The tumor may be any benign or malignant tumor. For example, the malignant tumor is chronic myeloid leukemia, acute myeloid leukemia, chronic lymphocytic leukemia, acute lymphocytic leukemia, lung cancer, gastric cancer, colon cancer, breast cancer, bone cancer, pancreatic cancer, skin cancer, head cancer, head and neck cancer, melanoma, uterine cancer, ovarian cancer, large intestine cancer, small intestine cancer, rectal cancer, anal cancer, fallopian tube carcinoma, endometrial cancer, cervical cancer, vaginal cancer, vulva cancer, Hodgkin's disease, esophageal cancer, lymphatic cancer, bladder cancer, gallbladder cancer, endocrine gland cancer, prostate cancer, adrenal cancer, soft tissue sarcoma, urethral cancer, penile cancer, lymphocytic lymphoma, renal cancer, ureteral cancer, renal pelvic cancer, blood cancer, brain cancer, central nervous system (CNS) tumor, spinal cord tumor, brainstem glioma, or pituitary adenoma.
Before the selecting, pretreating may be further included. The pretreating may be correcting the collected DNA methylation data using a DNA methyltransferase 1-like hidden markov model (DNMT1-like HMM). The DNMT1-like HMM may be modeling of enzymatic characteristics of DNA methyltransferase 1, which is an enzyme responsible for maintaining DNA methylation in cells, using a hidden markov model (HMM). The DNMT1-like HMM may further use an expectation-maximization algorithm (EM algorithm).

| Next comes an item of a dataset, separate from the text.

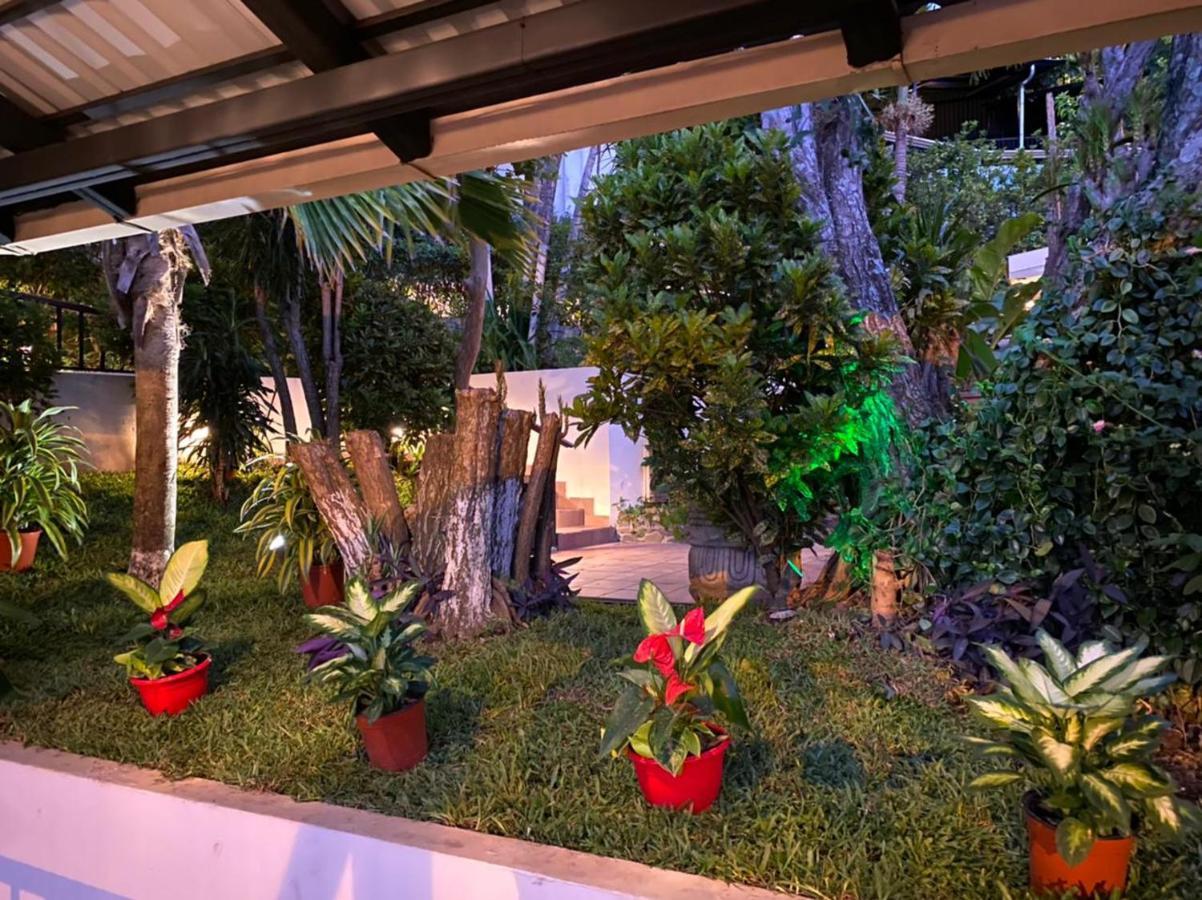 Casa Reflejos City Viewサンホセ エクステリア 写真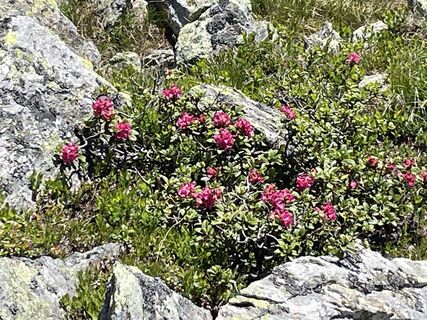 Fotografija s spletne strani Ewald Holzer na poti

The determining may be performing an operation on a binary pattern. For example, the binary pattern is a pattern where CpG-dinucleotides of a read have a fully methylated pattern and a fully unmethylated pattern. A fraction of fingerprint pattern (FF) may be drawn from the operation on the binary pattern.

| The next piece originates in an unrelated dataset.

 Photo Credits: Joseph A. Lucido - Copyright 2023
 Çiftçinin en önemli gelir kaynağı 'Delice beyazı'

The term “FF” refers to a fraction of reads regarding fingerprint pattern calculated from each fingerprint epilocus. The fraction may be a value obtained by dividing the number of reads having fully methylated CpG-dinucleotides pattern by the total number of reads mapped to the corresponding fingerprint epilocus. Relative abundance of each subclone may be estimated from the FF.
In the determining, a beta binomial mixture model may be used. In the beta binomial mixture model, when the number of fully methylated patterns and the number of fully unmethylated patterns at each fingerprint epilocus (i) are denoted by mi and ui, respectively, mi and mi+ui may be parameterized by α and β. The number of parameters α and β and value thereof may be estimated by using the beta binomial mixture model.

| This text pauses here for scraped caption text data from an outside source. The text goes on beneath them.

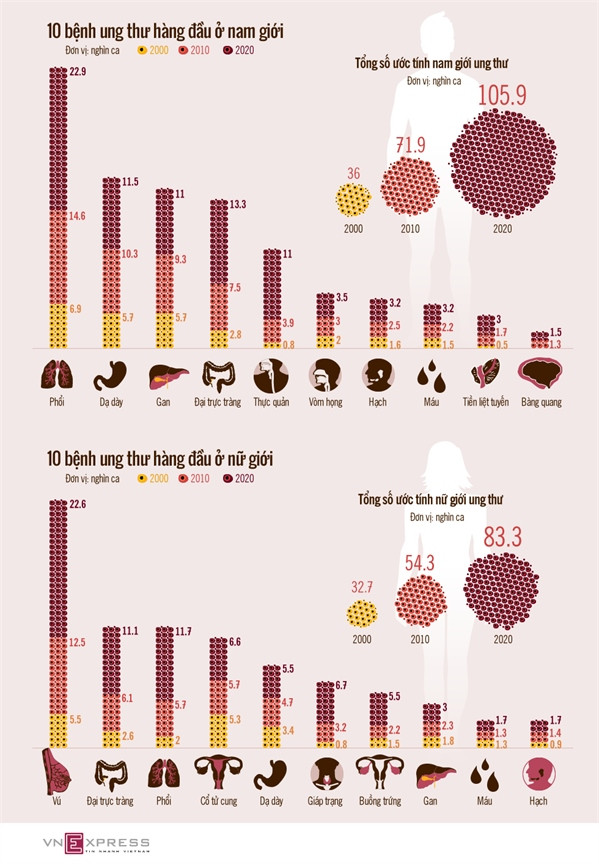 10 bệnh ung thư hàng đầu dễ mắc ở Việt Nam ảnh 1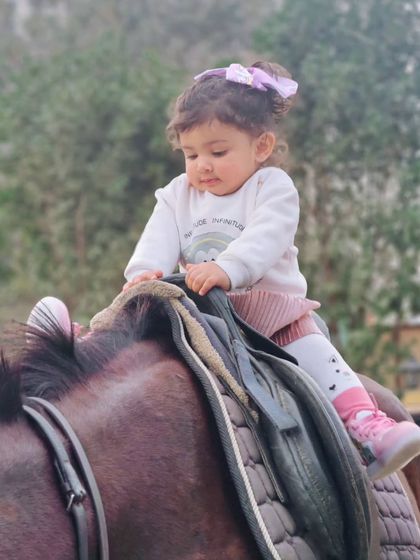 Fun Rides for All Ages photo 23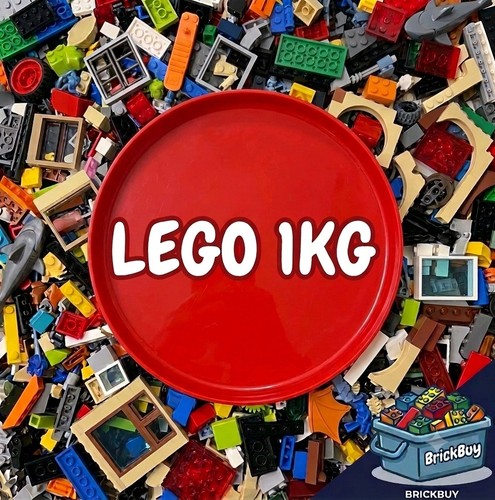 Lego 1kg bricks parts - 1kg,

The beta binomial mixture model may test 1 cluster to 15 clusters to select a model with the minimum Bayesian information criterion (BIC). However, the number of clusters may vary depending on the user's settings. Further, by expanding the above-described method, it is also possible to perform temporal and spatial multidimensional analysis of a single tumor sample. For example, tumor samples obtained at two different time points may be analyzed, and accordingly, the change pattern of subclones between the time points may be inferred.
The determining may be determining the number of intratumoral subclones, relative abundance of intratumoral subclones, or a combination thereof.
Another aspect provides a computer-readable medium on which a program for executing the method on a computer is recorded.
Of the terms or elements mentioned in the description of the method, the same as already mentioned are as described above.
The method may be embodied in a program that is executable in a computer, and may be implemented in a general-purpose digital computer that operates the program using the computer-readable medium. Further, a structure of data used for the above method may be recorded in a computer-readable recording medium through various means. The computer-readable recording medium includes a storage medium such as a magnetic storage medium (e.g., a ROM, a floppy disk, a hard disk, etc.) or an optically readable medium (e.g., a CD-ROM and a DVD, etc.).
Still another aspect provides an apparatus for analyzing tumor subclones, the apparatus including a collection unit for collecting DNA methylation data from a biological sample; a selection unit for selecting fingerprint epiloci from the collected DNA methylation data; and a determination unit for determining tumor subclones from the selected fingerprint epiloci.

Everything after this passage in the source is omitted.